## Assigned task
Your answer should be one number: the count of lines in the data below that include "Вход".

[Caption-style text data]
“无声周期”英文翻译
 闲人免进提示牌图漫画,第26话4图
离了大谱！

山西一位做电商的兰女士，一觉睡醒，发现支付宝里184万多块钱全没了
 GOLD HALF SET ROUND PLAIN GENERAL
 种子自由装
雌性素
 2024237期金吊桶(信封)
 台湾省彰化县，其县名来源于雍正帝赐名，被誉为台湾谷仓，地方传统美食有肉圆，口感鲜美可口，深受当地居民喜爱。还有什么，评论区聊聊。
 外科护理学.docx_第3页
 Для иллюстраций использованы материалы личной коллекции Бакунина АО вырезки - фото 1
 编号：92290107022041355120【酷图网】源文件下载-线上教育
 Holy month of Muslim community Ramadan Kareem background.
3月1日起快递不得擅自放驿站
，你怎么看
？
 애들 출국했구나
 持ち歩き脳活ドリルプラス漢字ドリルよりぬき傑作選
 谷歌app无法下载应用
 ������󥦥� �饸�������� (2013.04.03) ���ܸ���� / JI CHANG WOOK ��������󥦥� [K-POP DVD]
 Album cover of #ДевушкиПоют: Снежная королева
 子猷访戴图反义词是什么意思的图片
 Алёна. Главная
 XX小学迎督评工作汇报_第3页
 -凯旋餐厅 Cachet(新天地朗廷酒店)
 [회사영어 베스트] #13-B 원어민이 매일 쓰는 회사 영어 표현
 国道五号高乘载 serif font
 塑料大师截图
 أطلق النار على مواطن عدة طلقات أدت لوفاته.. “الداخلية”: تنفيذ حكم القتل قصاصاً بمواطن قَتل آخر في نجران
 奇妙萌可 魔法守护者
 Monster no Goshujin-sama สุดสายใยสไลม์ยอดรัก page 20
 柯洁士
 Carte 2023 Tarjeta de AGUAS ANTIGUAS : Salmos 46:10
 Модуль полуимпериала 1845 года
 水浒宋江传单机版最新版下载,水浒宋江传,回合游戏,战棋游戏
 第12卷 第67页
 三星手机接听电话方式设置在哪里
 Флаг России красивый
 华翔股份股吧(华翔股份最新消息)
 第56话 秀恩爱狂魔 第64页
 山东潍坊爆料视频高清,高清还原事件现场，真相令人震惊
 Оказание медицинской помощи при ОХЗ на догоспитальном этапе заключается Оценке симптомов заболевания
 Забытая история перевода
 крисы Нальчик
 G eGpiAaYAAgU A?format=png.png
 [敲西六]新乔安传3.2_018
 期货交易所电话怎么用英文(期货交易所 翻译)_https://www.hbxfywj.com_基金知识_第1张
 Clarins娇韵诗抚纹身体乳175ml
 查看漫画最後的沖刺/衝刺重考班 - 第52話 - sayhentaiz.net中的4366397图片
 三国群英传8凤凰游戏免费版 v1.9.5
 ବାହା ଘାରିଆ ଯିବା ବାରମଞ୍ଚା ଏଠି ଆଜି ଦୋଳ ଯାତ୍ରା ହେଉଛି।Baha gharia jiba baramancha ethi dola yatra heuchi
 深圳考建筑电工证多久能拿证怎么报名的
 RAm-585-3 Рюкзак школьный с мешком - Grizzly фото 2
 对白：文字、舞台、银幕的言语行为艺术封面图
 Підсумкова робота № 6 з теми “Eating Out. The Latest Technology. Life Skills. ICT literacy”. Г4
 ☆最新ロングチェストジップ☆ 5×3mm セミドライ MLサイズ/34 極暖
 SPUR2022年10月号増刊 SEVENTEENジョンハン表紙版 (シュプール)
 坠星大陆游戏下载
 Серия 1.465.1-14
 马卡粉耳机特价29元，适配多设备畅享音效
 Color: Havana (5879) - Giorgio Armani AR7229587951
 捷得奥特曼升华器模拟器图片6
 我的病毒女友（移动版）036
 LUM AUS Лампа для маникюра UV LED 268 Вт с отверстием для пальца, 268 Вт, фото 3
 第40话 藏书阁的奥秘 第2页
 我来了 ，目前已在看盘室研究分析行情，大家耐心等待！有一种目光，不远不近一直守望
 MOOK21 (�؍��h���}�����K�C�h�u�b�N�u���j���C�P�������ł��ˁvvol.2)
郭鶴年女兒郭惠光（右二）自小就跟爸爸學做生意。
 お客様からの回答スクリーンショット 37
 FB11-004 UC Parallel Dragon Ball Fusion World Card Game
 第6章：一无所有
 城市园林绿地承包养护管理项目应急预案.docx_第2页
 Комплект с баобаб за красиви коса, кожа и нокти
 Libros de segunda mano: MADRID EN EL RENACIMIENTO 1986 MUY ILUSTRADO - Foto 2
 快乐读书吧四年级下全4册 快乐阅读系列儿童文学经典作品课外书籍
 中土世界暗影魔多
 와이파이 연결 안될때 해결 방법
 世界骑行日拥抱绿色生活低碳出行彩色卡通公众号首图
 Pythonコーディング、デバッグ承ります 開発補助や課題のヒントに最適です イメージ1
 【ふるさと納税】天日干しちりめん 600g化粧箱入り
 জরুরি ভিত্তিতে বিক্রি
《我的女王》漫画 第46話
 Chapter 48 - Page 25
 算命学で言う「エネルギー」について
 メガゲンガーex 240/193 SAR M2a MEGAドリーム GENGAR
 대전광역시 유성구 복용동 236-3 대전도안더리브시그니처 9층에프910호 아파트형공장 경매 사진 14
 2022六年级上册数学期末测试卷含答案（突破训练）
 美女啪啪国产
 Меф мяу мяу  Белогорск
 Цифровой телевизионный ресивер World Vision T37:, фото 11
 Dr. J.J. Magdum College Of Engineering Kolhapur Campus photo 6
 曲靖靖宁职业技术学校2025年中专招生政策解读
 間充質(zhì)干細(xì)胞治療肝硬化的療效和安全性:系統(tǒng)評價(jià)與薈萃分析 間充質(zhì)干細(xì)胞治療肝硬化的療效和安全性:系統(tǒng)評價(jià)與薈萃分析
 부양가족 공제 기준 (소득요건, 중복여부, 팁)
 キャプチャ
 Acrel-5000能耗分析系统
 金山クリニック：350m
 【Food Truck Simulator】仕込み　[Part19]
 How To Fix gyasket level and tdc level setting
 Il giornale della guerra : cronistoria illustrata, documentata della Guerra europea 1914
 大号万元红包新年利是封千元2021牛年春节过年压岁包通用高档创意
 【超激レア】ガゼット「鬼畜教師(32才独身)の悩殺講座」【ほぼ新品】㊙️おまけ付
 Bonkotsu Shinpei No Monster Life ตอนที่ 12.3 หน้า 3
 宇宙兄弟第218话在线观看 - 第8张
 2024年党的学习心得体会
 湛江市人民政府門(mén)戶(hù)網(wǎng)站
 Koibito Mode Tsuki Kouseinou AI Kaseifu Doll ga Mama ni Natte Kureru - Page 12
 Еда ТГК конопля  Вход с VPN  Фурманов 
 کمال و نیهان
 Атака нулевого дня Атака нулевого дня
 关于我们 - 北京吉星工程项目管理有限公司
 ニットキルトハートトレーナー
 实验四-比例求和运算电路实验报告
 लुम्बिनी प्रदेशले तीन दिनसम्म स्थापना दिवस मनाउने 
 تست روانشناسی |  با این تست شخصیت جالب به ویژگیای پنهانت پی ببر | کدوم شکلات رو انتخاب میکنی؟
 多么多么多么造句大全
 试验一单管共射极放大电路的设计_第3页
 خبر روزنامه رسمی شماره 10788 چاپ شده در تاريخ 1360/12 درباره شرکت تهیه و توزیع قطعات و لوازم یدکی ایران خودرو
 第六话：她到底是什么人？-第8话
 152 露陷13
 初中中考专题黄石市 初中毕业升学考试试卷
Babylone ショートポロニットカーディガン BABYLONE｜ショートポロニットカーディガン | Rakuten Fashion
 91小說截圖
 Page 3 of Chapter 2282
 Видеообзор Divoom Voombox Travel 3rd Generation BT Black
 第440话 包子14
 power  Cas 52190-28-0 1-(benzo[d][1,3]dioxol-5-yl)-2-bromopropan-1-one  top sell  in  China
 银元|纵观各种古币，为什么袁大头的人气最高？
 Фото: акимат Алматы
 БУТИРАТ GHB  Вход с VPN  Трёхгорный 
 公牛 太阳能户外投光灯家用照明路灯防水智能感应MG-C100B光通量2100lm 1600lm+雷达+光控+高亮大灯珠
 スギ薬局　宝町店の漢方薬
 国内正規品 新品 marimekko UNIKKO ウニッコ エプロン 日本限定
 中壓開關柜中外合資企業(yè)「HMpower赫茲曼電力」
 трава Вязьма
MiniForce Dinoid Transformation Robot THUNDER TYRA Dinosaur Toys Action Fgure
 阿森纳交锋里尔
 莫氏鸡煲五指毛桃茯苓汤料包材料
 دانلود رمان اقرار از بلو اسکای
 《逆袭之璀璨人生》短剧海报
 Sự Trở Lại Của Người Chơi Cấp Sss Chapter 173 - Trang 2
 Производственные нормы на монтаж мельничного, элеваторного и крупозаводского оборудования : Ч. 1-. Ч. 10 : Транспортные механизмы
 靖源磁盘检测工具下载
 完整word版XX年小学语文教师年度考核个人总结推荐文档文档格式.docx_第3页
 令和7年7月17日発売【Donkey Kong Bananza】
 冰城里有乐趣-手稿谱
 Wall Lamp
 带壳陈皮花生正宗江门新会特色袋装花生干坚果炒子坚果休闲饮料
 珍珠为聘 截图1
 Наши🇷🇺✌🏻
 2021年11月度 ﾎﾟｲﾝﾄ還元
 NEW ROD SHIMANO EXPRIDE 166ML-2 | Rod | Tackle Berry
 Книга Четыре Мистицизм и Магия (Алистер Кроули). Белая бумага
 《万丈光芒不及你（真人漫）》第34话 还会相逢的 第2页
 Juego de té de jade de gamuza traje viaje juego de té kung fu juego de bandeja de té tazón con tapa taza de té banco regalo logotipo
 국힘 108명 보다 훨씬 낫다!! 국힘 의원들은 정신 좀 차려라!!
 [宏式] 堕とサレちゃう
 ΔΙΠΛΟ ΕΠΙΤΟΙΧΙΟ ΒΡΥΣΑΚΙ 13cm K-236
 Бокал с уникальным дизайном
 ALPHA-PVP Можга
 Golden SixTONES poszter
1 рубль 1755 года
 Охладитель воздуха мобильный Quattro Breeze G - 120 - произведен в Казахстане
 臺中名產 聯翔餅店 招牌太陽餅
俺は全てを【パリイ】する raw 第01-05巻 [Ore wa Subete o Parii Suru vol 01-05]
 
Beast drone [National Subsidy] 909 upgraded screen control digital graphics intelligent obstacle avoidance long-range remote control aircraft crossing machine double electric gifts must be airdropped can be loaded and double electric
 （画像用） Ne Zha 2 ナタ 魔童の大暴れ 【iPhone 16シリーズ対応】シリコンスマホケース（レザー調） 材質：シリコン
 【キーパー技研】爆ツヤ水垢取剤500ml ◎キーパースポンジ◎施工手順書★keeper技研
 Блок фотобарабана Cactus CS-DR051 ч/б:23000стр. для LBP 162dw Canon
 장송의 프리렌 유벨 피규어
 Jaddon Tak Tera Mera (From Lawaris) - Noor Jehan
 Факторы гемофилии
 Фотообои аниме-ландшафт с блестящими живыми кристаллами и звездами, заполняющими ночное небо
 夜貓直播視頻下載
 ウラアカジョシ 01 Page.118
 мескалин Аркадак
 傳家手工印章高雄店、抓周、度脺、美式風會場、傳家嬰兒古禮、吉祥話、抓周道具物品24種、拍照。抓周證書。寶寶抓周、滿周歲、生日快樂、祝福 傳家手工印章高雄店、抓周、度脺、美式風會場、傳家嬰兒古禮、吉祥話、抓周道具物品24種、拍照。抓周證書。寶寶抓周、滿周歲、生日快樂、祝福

## Response area
2